My first professional engagement as a musician was with the 1950's rock and roll band, Spiff Cool and the Keen-o-Jets. Back in 1974, we commenced a short ballroom tour in Minnesota. Opening night was at the Lake Henry Ballroom, I believe. I sort of remember the venue, for this was where we gave away a toilet as a grand prize in the dance contest. I recollect the winner proudly sitting on it, prominently positioned in the middle of the hardwood dance floor, to the hoots and hollers of the audience. BM gags always went over well in those days.

During the breaks that night, Spiff was on the horn several times, and somehow managed to book us in the following night at the Sauk Center Ballroom. Since that's a fairly long haul from our home base (Minnesota is big, latitudinally), we decided to set out immediately after the first gig, taking a hotel room in Sauk Center rather than heading back, just  to turn around again.

I don't know how the others felt about this, but I was delighted to have the extra time to sight-see. For Sauk Center is the birthplace of one of my heroes, Sinclair Lewis. In fact, at the time this story takes place, Lewis was my
biggest influence. As I've mentioned elsewhere, his Babbitt has been and still is in the top six list of books to have shaped my outlook on life.

So, we had all day Sunday to kill before the performance. I don't really recall how Spiff, Howie and Sticks spent their free time in Sauk Center, but Riff and I decided to walk from the hotel to the Lewis boyhood home and museum.

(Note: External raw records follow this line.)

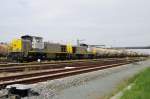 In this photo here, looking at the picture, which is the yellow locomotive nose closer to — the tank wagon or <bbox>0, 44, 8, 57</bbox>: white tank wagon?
the tank wagon

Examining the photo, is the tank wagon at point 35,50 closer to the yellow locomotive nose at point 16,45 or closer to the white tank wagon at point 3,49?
the yellow locomotive nose at point 16,45

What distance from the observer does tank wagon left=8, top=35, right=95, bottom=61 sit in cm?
3600

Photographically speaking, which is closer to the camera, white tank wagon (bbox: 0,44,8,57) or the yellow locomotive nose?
the yellow locomotive nose

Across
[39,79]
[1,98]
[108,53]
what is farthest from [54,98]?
[108,53]

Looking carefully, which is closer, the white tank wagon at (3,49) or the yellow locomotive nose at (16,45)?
A: the yellow locomotive nose at (16,45)

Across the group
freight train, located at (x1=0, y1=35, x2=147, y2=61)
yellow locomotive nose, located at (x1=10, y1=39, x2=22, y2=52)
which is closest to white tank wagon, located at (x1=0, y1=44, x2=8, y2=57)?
freight train, located at (x1=0, y1=35, x2=147, y2=61)

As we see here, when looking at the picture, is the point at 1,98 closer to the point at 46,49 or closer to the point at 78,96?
the point at 78,96

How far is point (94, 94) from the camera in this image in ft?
39.1

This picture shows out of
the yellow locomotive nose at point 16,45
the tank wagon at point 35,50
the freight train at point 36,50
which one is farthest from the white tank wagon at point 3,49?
the yellow locomotive nose at point 16,45

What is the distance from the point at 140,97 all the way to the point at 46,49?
107ft

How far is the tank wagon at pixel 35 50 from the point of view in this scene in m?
36.0

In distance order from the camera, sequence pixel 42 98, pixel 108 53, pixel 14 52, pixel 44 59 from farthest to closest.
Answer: pixel 108 53, pixel 44 59, pixel 14 52, pixel 42 98

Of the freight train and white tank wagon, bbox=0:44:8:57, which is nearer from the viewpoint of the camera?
the freight train

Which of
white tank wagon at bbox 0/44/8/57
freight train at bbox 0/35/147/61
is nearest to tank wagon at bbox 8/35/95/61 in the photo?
freight train at bbox 0/35/147/61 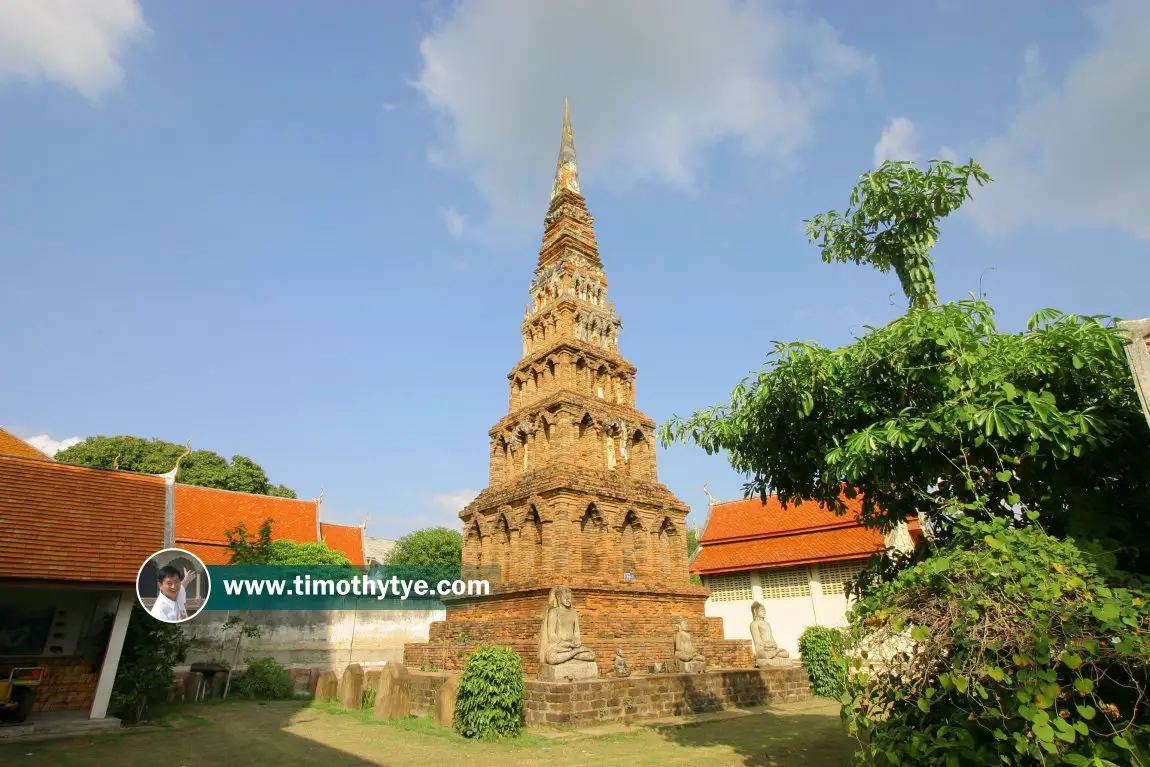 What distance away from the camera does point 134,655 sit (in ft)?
41.2

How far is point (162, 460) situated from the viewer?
36.0 meters

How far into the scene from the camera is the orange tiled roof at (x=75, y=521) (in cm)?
1106

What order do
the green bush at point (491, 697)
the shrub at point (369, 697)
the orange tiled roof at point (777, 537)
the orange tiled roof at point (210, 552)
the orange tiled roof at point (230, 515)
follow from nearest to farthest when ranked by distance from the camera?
the green bush at point (491, 697), the shrub at point (369, 697), the orange tiled roof at point (777, 537), the orange tiled roof at point (210, 552), the orange tiled roof at point (230, 515)

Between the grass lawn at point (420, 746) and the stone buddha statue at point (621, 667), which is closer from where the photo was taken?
the grass lawn at point (420, 746)

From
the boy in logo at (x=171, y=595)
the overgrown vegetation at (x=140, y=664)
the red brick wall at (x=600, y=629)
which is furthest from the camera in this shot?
the red brick wall at (x=600, y=629)

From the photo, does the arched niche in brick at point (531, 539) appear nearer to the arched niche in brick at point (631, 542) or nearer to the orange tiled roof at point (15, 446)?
the arched niche in brick at point (631, 542)

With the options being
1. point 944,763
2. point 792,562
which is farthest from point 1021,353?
point 792,562

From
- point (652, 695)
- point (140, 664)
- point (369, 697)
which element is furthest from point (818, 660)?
point (140, 664)

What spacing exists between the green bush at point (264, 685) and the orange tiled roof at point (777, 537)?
14.6 meters

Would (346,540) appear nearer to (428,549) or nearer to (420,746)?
(428,549)

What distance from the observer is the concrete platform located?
34.1 feet

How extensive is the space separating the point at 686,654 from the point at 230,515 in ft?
74.0

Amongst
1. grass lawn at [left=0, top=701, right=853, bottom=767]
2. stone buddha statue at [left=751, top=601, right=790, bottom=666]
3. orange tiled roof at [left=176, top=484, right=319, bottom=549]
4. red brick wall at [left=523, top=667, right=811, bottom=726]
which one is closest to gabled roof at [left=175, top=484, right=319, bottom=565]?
orange tiled roof at [left=176, top=484, right=319, bottom=549]

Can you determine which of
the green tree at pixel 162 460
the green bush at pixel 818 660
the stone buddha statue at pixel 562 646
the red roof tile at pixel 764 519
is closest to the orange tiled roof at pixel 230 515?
the green tree at pixel 162 460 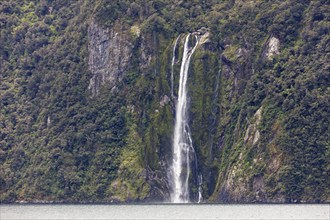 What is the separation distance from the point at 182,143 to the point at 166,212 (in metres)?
28.2

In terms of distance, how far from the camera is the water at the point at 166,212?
138875 mm

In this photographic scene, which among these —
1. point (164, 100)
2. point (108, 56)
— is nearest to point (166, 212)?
point (164, 100)

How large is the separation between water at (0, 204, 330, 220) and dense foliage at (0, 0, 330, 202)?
9.83m

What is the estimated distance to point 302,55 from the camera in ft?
568

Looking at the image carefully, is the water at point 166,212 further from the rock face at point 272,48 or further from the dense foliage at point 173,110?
the rock face at point 272,48

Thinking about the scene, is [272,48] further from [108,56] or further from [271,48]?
[108,56]

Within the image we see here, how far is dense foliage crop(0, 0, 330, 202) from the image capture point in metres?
165

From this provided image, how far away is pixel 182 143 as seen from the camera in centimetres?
17562

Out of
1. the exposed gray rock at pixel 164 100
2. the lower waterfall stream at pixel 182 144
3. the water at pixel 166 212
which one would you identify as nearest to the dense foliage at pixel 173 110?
the exposed gray rock at pixel 164 100

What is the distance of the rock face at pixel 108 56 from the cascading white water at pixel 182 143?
889 centimetres

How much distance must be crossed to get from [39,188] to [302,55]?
4074 centimetres

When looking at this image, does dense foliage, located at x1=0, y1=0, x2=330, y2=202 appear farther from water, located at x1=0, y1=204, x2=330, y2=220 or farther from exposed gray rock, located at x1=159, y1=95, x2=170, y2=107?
water, located at x1=0, y1=204, x2=330, y2=220

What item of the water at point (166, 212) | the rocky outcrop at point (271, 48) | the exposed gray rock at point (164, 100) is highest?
the rocky outcrop at point (271, 48)

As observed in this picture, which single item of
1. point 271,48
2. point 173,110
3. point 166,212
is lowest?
point 166,212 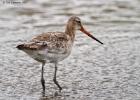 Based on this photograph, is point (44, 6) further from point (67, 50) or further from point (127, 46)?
point (67, 50)

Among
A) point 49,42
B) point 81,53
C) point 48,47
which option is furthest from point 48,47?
point 81,53

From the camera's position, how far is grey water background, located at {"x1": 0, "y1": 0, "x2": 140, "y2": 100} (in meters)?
9.36

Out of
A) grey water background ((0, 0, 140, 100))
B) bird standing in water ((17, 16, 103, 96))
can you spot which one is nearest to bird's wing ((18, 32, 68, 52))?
bird standing in water ((17, 16, 103, 96))

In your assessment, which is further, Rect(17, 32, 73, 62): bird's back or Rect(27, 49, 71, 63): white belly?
Rect(27, 49, 71, 63): white belly

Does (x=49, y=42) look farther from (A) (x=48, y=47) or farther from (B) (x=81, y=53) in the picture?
(B) (x=81, y=53)

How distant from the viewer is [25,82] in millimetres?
9766

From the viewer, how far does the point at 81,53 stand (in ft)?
39.0

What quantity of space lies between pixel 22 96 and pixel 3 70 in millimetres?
1557

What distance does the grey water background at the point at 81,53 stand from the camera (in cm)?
936

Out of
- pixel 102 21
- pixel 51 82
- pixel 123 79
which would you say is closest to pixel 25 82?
pixel 51 82

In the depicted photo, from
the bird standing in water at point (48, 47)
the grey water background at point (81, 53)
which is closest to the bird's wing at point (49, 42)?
the bird standing in water at point (48, 47)

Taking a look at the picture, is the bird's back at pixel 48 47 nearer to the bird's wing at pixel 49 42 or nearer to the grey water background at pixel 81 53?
the bird's wing at pixel 49 42

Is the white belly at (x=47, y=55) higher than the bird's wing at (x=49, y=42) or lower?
lower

If you ever saw us on stage in those days, we dressed as greasers. Tons and tons of Brylcreem plastered our hair down, spit curl up front, duck tail in back.  But this might surprise you. Both Riff and I had shoulder length hair then. When getting ready for a performance back in the dressing room, we'd simply queue up the hair, then wind it into a knot behind, stuffing it under the top layer. A couple pounds of Brylcreem cemented everything in place. A little dab'll do ya?


But, here, that day in mufti, we had cleaned up from the performance of the previous night, our curly locks hanging down in all their glory. We looked like two hippie bums from Hollywood Boulevard and really stood out, promenading on Lewis' Main Street.


As Riff and I approached the Lewis home, I noticed three elderly chaps sitting on the front porch, chatting. It looked for all the world like a scene straight out of a Norman Rockwell painting. So, visualize if you can, a pair of hippies padding the pavement, the three geezers eyeballing us with undisguised disdain. I detected a bit of muttering, some "phewing" from their lips. They were clearly disgusted with our aspect, prepared to make any manner of derogatory comments halfway under their breath. It was very obvious how they felt about long-hairs invading their ag-country turf.


Just as we arrived at the stoop, I stopped, pulled out a tin of Copenhagen snuff (snüs, we call it in Minnesota) from my trouser pocket, uncorked it and dipped a wad.

Instantly, the three chaps opened up to us, friendly as could be. They initiated all manner of conversation ("Where you boys from?", etc.), as they each withdrew their own snüs cans. We were all part of a brotherhood now, sort of like knowing the secret Masonic handshake.

I later mentioned to Riff, that Copenhagen is indeed the Minnesota calling card.